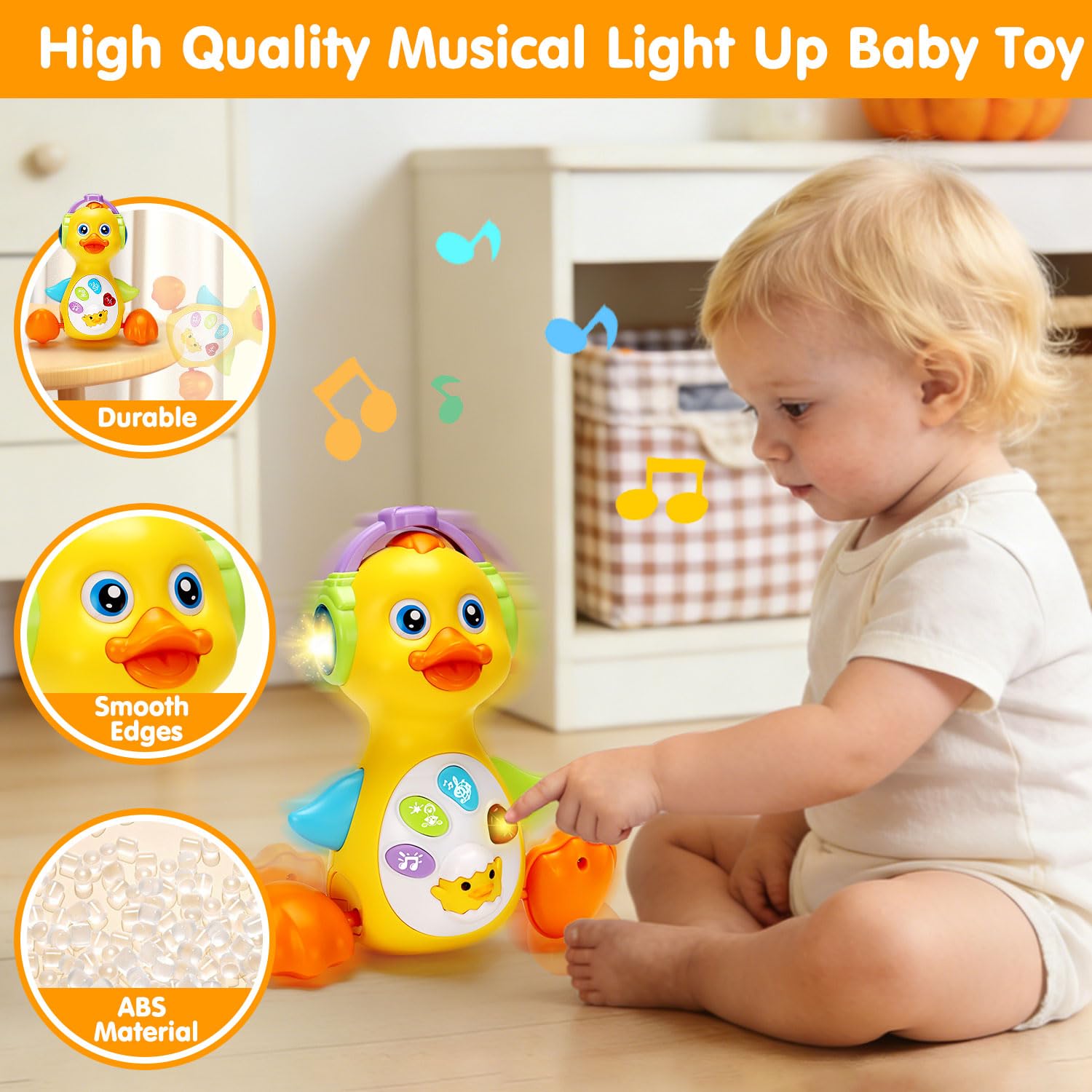 Tsomtto duck during tummy time play encourages reaching and tracking with colorful lights.
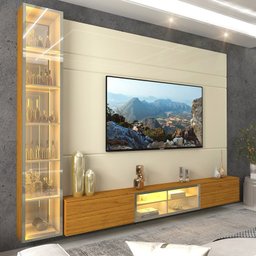 Estante para TV até 90 Polegadas 255cm com Porta Reflecta LED 100% MDF Luminare - 8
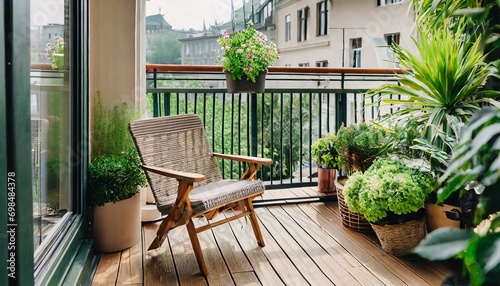 balcony with flowers and plants photo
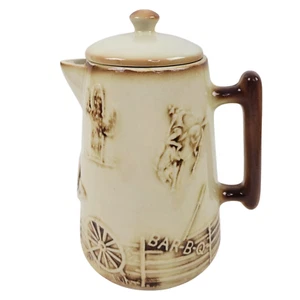 Vintage McCoy Pottery El Rancho Bar-B-Q Coffee Server Pot Western Ranch - Picture 1 of 8
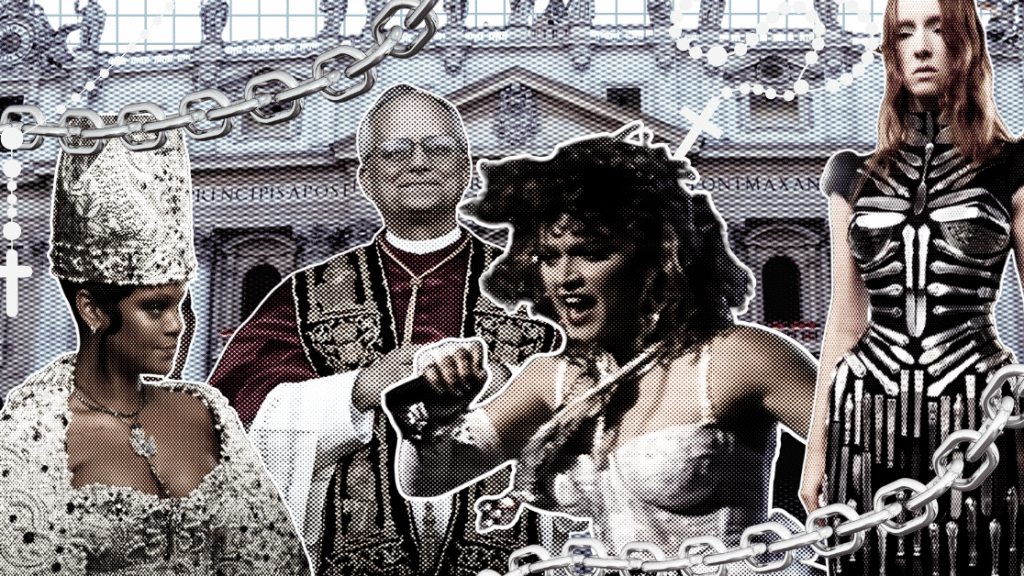 A collage featuring Rihanna in papal couture, Madonna, a model in skeletal design, and rosaries intertwined with chains.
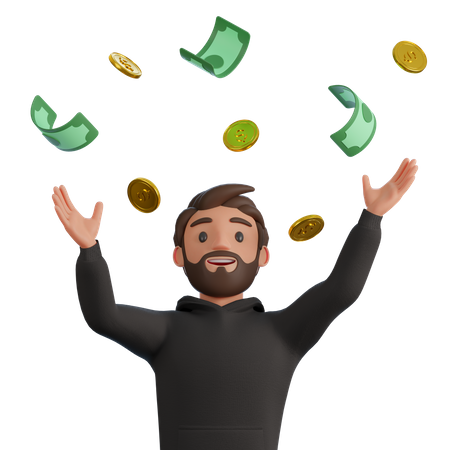Hombre de negocios feliz con dinero  3D Icon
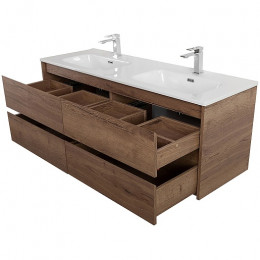 BelBagno Тумба с раковиной Kraft 140 подвесная 4 ящика Rovere Tabacco двойная раковина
◇ ◇ ◇ ◇
● **PROBLEM TO WORK ON**
Copy out exactly the material that runs from the line with "Vintage McCoy Pottery" to the line with "Hombre de negocios", ends included, and leave the pictures behind.

● **WORKED SOLUTION**
 Vintage McCoy Pottery El Rancho Bar-B-Q Coffee Server Pot Western Ranch - Picture 1 of 8
 A collage featuring Rihanna in papal couture, Madonna, a model in skeletal design, and rosaries intertwined with chains.
Hombre de negocios feliz con dinero  3D Icon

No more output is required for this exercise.